Liberal Authoritarianism and the relentless march of the Little Man.

With every crime and outrage comes, in the guise of doing good or righting a wrong, more calls for state control, be it political, moral or social.

In the last few days, prompted in part by the death of the liberal philosopher in law, Ronald Dworkin, the indescribably ghastly, Keynesian and egotistical political economist, Will Hutton, has been lamenting what he sees as the slow death of true liberalism and liberal views. Indeed it is his belief that the tide of opinion is turning against big government and its role, or duty as Hutton sees it, in providing 'dignity'  and succour for those that fail as well as creating a free environment for others to succeed.

In a true Statist whine Hutton's article, "I despair as I watch the erosion of the liberal views I hold dear" lashes out at everything; from the fact that we apparently live in 'rightwing times', (if only), to the opinion that his philosopher hero, Dworkin's treasured totems of human dignity, that is 'Law and Justice', and more importantly the overpaid barristers who enforce them, are currently having their legal aid trough reduced a bit by the current government, or rather the current government is attempting to reduce it.

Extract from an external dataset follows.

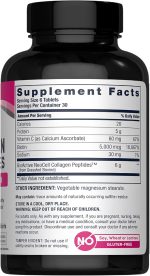 NeoCell Super Collagen, + Vitamin C & Biotin - 180 Tablets - Image 2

To judge by the crying and wailing emanating from Lincoln Inn Fields and Middle Temple and the other legal fortresses of sumptuousness scattered around Holborn and Westminster the assumption would be that legal aid was being abolished completely. This is a legal aid budget that has soared over the last two decades and has helped umpteen barristers and QCs break into the million pound a year earnings bracket. Including several like Cherie Blair, who are as likely to commiserate with Hutton around the dining table as they are to attack the legal aid cuts in public, which she and 90 other QC’s have just done in an open letter to the Daily Telegraph.

What though is irking Hutton more than anything else in these times of austerity and cutbacks is that the great State largesse from which he and many of the chattering classes rely on for their wealth and status is at last beginning to be cutback or, in a few cases, stopped altogether. To Hutton and his ilk this is an anathema, a heinous attack on societies moral core and one which threatens not just his and his cronies bank balances but in his words could lead to a 'reversal of the century-long fight for genuine equality between the sexes', or could lead to reforms "of criminal justice and legal aid, the health service, climate change, employment law, social security' represents the 'wholesale inversion of a liberal society' which will beget 'economic stagnation, social atomisation and a destructive nationalism' peopled by 'tax-avoiding, climate-change-denying anti-feminists'. Phew!

This hysteria permeates much of the liberal left at the moment as their world, created as it was out of the embers of World War 2 and a desire to create a Europe devoid or war and free of racial, religious and sexual strife, in which all its citizens would be housed, fed, clothed and entitled to education and health care, is beginning to implode under the weight of its own sense of entitlement. A sense of entitlement championed and offered to every citizen regardless of their contribution or worth, and driven in part by many of the liberal lawyers and human rights specialists so beloved of Will Hutton and company.

Yet it is Hutton's response to the potential realignment of his idealised current values, or more importantly the potential that the State might loose control of those values, that is at the core of the liberal or soft left's nightmare scenario. For the modern liberal is a state control liberal, he is the man in the bureaucratic equivalent of the high visibility jacket, giving orders and, backed-up by an army of state-funded lawyers, few people say no to him. And like most people with power, even those that are in effect a powerful cog, they like it and they want to keep it.

Liberalism incarnated and administered by the Hutton's of this world is personified by the interfering and spiteful invective of the little man or woman. A beastly fusion of the Stasi, Shami Chakrabarti, and Gordon Brown, with access to unlimited funds and an army of High Visibility Jacket wearing bureaucrats waiting in the wings if the going gets tough.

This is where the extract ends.